__DATA TO PROCESS__:
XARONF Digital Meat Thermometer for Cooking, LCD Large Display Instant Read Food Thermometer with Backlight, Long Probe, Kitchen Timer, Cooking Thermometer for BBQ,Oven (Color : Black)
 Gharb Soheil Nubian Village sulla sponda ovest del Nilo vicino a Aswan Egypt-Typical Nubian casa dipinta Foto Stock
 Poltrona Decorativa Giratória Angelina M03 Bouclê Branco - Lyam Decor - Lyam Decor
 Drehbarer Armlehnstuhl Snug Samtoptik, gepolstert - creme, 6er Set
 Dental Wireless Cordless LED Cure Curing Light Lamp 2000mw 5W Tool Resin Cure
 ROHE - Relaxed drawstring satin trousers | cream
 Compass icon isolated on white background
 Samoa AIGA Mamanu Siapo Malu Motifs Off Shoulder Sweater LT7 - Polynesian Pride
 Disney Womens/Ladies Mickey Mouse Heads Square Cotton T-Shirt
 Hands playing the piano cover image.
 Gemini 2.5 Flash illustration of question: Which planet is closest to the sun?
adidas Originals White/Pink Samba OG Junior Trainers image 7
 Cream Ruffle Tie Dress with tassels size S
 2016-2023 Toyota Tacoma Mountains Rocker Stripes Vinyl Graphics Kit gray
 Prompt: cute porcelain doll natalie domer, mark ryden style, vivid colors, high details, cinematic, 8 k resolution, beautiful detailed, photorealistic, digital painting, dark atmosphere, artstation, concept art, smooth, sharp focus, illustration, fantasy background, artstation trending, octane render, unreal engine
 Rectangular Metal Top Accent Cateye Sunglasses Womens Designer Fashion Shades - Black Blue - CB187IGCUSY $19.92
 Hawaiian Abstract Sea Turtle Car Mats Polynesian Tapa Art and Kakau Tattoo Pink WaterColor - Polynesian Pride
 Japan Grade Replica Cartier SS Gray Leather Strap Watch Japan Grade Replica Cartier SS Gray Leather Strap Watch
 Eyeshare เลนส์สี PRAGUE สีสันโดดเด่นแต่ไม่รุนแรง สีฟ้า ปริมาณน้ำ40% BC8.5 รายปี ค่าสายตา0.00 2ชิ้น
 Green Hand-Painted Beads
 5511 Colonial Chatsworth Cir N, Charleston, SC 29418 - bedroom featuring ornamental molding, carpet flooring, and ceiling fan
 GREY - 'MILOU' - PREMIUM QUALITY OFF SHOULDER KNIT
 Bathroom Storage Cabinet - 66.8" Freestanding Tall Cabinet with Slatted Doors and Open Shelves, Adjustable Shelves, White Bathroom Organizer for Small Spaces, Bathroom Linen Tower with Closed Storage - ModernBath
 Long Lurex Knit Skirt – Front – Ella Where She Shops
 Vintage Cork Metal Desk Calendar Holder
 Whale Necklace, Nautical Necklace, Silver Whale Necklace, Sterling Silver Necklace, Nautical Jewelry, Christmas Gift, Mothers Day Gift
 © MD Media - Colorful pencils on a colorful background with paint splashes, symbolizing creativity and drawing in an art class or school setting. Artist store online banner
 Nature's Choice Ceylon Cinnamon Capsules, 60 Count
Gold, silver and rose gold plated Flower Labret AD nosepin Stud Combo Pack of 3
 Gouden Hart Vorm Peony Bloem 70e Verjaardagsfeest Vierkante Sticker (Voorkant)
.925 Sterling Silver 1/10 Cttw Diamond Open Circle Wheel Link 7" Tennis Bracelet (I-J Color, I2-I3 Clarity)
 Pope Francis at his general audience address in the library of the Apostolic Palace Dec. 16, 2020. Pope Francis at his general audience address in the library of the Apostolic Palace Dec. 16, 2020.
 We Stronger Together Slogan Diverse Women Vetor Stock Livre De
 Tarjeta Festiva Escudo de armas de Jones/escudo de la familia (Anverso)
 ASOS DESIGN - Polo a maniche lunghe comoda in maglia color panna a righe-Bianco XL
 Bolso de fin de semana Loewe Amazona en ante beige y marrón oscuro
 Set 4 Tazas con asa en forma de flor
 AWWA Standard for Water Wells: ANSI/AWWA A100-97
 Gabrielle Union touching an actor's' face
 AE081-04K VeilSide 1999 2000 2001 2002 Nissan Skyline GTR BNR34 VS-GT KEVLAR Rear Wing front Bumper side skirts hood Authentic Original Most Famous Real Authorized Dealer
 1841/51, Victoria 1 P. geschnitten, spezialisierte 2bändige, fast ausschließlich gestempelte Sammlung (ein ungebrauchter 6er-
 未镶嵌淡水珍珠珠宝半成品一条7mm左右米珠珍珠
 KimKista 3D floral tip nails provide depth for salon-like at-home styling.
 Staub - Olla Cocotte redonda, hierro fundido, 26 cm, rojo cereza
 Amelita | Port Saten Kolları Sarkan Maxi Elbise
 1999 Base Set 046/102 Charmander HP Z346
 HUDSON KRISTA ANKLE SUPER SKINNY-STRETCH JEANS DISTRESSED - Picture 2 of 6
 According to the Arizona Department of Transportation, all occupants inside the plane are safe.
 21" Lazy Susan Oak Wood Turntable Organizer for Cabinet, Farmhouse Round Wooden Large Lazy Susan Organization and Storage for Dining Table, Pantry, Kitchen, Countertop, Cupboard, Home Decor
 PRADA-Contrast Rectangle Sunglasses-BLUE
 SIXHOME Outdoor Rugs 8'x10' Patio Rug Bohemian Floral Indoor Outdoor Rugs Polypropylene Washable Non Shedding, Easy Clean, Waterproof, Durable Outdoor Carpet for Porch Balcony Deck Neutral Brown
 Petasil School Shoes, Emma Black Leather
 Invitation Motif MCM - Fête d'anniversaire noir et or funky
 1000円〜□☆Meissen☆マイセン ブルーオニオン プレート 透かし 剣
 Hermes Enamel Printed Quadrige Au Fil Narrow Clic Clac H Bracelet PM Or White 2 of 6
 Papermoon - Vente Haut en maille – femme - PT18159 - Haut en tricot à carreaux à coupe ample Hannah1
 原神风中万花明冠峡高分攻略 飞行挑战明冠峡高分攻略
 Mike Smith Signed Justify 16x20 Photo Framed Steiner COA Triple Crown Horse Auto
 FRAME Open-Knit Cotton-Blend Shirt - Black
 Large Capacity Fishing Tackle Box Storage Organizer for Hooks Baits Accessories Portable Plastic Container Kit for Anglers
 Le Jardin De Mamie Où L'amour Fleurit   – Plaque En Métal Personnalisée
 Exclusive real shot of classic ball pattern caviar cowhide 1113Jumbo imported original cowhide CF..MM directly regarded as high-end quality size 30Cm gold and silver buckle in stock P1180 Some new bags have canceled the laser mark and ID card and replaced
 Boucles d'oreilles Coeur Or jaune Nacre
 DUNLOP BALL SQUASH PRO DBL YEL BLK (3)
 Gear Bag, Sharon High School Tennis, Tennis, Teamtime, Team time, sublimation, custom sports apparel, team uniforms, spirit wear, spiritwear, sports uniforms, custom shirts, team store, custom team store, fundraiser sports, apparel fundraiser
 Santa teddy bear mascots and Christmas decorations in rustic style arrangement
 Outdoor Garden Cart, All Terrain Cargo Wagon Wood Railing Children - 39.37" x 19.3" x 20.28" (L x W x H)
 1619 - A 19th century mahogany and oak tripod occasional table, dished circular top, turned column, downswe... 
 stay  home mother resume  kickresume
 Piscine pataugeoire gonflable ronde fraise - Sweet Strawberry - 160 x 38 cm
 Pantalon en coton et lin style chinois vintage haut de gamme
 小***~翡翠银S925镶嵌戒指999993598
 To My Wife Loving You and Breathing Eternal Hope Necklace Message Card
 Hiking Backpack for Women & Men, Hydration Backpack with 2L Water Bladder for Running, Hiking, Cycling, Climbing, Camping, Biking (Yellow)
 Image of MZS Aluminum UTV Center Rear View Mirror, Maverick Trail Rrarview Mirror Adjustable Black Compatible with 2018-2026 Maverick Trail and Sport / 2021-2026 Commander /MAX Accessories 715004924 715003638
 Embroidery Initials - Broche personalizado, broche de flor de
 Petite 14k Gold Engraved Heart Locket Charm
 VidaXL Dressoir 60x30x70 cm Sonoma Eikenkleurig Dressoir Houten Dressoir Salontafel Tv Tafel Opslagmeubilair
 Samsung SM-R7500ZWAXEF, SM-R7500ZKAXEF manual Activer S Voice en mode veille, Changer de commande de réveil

__WHAT IS NEEDED__:
No lines before the one containing "Embroidery Initials - Broche" belong in the answer; write out that line and each one after it exactly, through the end of the records.

__RESPONSE BELOW__:
 Embroidery Initials - Broche personalizado, broche de flor de
 Petite 14k Gold Engraved Heart Locket Charm
 VidaXL Dressoir 60x30x70 cm Sonoma Eikenkleurig Dressoir Houten Dressoir Salontafel Tv Tafel Opslagmeubilair
 Samsung SM-R7500ZWAXEF, SM-R7500ZKAXEF manual Activer S Voice en mode veille, Changer de commande de réveil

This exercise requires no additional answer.